** Assignment **
Below this line is a set of entries; quote exactly the lines from the line that contains "A bed with white" to the line that contains "等糯米皮晾凉不烫手之后取出一", both lines included.

Stored entries
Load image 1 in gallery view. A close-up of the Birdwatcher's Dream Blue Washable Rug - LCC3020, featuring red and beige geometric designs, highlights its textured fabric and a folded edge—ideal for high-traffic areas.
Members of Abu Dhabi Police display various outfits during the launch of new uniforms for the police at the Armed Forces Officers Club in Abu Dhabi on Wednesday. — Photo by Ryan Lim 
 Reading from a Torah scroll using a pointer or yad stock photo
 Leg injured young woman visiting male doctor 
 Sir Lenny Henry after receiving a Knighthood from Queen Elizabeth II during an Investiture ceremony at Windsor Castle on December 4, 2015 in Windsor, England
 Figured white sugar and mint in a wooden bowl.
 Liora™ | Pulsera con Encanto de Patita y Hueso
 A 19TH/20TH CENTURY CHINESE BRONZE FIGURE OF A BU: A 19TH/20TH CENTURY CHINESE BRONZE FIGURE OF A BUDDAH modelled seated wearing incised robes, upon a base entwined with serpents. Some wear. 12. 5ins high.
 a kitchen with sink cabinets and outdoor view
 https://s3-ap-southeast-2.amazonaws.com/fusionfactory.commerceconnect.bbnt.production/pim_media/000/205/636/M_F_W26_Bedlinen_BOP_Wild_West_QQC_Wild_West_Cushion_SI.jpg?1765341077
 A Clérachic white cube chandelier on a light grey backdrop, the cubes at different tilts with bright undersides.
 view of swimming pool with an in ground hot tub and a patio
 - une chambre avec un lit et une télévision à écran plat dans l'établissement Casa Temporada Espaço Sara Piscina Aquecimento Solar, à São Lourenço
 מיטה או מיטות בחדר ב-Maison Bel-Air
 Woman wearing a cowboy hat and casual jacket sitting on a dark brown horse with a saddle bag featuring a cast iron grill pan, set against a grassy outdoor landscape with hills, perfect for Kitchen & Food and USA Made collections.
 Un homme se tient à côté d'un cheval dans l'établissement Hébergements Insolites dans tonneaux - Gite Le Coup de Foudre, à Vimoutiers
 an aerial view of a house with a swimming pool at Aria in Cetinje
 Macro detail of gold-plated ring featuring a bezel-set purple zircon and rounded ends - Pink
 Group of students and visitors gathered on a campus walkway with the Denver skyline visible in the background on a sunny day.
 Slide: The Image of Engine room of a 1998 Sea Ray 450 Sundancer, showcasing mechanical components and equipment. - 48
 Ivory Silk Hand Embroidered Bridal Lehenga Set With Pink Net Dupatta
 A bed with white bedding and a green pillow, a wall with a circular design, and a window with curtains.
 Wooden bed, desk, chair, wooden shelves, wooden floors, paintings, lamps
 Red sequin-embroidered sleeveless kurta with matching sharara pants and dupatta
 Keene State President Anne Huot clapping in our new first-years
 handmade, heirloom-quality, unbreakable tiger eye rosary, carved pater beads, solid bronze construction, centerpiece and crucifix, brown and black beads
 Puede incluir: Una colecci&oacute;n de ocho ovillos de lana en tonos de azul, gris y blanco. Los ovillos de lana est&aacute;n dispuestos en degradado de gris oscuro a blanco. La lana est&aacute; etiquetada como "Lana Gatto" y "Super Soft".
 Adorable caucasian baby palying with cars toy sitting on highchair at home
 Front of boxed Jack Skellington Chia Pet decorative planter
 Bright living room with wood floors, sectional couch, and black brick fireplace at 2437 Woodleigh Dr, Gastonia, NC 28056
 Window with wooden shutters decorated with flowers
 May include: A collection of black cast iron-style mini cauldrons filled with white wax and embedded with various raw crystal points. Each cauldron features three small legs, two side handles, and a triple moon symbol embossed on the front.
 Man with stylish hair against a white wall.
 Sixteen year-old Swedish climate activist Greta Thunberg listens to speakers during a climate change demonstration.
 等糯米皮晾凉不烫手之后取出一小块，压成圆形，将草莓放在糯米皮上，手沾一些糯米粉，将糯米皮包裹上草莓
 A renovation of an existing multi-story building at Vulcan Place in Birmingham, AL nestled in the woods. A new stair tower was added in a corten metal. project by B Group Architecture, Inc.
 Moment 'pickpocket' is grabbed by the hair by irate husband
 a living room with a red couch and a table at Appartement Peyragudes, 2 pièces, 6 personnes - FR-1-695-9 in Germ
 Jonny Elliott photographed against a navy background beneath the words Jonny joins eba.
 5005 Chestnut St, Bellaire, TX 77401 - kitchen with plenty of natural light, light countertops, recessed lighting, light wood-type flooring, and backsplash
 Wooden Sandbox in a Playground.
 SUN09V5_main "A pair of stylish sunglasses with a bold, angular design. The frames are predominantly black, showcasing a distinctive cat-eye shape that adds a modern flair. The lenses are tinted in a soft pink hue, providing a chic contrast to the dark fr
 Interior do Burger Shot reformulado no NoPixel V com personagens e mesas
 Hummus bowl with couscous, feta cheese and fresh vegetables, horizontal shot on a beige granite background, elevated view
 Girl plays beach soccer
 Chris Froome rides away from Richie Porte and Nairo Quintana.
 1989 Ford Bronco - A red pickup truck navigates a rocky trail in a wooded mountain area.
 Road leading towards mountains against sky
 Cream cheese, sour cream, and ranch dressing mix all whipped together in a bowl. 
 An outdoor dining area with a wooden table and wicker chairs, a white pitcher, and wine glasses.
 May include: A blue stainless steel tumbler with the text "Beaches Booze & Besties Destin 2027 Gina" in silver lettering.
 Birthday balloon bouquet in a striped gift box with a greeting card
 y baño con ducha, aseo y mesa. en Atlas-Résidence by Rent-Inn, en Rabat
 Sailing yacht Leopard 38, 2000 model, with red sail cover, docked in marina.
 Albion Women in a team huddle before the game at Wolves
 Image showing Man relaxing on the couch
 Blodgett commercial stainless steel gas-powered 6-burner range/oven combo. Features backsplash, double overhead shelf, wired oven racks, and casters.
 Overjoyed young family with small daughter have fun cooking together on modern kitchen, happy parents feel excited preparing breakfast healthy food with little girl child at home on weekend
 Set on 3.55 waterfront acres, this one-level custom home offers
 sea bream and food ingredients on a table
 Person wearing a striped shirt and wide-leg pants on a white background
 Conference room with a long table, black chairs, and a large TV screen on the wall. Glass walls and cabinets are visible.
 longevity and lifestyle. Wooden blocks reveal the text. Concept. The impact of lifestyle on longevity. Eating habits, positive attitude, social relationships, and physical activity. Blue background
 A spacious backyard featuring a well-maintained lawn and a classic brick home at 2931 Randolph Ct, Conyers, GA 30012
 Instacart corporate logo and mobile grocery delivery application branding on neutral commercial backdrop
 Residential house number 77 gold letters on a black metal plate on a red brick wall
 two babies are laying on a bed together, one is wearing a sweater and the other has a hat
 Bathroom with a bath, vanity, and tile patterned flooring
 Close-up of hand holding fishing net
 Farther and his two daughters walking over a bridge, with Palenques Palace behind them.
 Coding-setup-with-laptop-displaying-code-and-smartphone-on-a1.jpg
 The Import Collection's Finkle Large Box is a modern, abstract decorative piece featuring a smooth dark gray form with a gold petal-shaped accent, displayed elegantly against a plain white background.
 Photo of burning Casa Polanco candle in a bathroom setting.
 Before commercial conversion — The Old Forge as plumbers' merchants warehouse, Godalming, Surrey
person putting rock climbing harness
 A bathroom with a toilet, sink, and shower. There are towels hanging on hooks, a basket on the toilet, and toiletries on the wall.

** Response **
 A bed with white bedding and a green pillow, a wall with a circular design, and a window with curtains.
 Wooden bed, desk, chair, wooden shelves, wooden floors, paintings, lamps
 Red sequin-embroidered sleeveless kurta with matching sharara pants and dupatta
 Keene State President Anne Huot clapping in our new first-years
 handmade, heirloom-quality, unbreakable tiger eye rosary, carved pater beads, solid bronze construction, centerpiece and crucifix, brown and black beads
 Puede incluir: Una colecci&oacute;n de ocho ovillos de lana en tonos de azul, gris y blanco. Los ovillos de lana est&aacute;n dispuestos en degradado de gris oscuro a blanco. La lana est&aacute; etiquetada como "Lana Gatto" y "Super Soft".
 Adorable caucasian baby palying with cars toy sitting on highchair at home
 Front of boxed Jack Skellington Chia Pet decorative planter
 Bright living room with wood floors, sectional couch, and black brick fireplace at 2437 Woodleigh Dr, Gastonia, NC 28056
 Window with wooden shutters decorated with flowers
 May include: A collection of black cast iron-style mini cauldrons filled with white wax and embedded with various raw crystal points. Each cauldron features three small legs, two side handles, and a triple moon symbol embossed on the front.
 Man with stylish hair against a white wall.
 Sixteen year-old Swedish climate activist Greta Thunberg listens to speakers during a climate change demonstration.
 等糯米皮晾凉不烫手之后取出一小块，压成圆形，将草莓放在糯米皮上，手沾一些糯米粉，将糯米皮包裹上草莓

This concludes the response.